» **Aim of the exercise**
Which lines have the string "clean"? Copy all of them from the entries below.

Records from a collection
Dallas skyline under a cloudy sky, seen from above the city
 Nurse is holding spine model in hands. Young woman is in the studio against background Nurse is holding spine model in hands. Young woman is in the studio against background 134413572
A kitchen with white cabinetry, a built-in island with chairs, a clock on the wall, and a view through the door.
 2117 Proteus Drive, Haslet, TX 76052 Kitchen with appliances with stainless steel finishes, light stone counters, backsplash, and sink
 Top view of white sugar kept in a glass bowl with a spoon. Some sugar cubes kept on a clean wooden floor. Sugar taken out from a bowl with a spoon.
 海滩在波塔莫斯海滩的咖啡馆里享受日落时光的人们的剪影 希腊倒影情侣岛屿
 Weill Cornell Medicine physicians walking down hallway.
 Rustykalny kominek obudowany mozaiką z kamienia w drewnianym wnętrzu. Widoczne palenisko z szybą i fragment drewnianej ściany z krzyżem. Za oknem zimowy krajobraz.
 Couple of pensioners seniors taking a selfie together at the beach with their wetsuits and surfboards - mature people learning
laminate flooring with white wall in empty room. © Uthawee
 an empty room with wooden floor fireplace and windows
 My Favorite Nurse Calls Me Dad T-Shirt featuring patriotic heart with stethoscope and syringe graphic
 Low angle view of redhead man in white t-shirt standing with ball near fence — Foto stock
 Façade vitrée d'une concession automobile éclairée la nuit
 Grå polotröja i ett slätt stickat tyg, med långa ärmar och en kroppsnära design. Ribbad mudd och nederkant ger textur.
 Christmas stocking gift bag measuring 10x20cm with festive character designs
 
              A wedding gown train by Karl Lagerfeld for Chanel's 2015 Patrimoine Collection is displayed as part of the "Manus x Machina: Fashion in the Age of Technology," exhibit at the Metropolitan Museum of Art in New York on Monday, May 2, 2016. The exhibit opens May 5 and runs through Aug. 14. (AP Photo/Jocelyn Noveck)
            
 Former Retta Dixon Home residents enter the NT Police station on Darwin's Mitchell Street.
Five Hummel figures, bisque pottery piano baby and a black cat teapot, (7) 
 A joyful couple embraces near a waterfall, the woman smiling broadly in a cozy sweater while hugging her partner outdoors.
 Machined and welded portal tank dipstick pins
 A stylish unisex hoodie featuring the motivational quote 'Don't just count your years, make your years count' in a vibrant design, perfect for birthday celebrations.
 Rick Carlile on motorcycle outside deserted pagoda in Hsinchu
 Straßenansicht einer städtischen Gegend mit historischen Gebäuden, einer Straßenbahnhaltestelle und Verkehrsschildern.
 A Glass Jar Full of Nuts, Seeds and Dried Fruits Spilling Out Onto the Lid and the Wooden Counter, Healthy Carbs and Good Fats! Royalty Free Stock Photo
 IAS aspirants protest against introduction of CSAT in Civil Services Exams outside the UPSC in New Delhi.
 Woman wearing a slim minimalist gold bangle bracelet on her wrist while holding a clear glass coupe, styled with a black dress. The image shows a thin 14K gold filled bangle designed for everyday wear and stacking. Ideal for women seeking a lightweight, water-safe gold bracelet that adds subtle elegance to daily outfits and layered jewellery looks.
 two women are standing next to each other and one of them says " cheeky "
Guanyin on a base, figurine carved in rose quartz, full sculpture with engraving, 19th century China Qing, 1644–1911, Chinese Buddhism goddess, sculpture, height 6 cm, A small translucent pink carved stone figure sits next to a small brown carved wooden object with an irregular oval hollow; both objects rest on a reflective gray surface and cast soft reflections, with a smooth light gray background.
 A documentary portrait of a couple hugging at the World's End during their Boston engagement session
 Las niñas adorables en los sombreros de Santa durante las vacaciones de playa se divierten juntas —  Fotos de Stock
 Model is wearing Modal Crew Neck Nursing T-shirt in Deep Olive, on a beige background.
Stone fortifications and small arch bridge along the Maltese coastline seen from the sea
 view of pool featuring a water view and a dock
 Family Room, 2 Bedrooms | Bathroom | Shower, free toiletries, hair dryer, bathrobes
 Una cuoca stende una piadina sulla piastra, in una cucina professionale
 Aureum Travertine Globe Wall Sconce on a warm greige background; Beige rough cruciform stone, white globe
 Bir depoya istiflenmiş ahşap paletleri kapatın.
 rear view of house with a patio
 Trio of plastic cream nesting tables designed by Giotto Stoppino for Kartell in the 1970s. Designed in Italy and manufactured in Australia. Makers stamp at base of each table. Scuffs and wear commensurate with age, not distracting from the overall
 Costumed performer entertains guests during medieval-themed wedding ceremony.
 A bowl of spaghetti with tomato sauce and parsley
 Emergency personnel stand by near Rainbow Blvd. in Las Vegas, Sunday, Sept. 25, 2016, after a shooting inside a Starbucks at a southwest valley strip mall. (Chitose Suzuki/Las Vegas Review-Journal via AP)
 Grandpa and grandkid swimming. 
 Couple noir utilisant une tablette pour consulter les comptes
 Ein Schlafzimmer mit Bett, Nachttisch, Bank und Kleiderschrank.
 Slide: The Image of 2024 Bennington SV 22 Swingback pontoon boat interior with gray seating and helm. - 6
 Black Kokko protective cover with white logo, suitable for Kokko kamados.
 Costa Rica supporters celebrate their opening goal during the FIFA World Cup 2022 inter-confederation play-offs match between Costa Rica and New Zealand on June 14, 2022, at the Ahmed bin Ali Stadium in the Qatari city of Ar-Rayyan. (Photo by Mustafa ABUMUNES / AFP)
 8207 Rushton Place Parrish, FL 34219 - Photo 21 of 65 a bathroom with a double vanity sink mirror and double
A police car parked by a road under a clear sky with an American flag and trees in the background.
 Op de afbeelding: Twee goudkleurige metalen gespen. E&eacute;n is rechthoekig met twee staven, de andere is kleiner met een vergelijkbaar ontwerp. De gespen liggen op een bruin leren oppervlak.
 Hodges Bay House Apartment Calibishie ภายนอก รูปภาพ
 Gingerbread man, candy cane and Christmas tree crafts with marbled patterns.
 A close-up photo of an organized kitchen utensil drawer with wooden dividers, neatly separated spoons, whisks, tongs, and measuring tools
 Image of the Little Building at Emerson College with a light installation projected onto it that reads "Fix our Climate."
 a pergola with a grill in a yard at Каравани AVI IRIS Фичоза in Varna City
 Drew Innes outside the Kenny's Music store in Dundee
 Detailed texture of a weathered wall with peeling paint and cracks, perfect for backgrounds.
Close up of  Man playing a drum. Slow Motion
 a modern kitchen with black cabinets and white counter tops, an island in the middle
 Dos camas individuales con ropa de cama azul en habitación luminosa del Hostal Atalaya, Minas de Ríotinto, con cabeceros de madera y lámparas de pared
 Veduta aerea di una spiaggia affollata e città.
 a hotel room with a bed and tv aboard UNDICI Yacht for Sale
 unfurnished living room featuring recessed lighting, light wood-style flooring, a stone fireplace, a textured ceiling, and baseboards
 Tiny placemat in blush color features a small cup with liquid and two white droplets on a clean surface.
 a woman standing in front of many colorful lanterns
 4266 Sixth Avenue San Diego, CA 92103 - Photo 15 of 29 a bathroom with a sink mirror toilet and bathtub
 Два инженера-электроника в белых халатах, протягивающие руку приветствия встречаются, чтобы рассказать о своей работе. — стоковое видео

» **Response to the task**
 Top view of white sugar kept in a glass bowl with a spoon. Some sugar cubes kept on a clean wooden floor. Sugar taken out from a bowl with a spoon.
 Tiny placemat in blush color features a small cup with liquid and two white droplets on a clean surface.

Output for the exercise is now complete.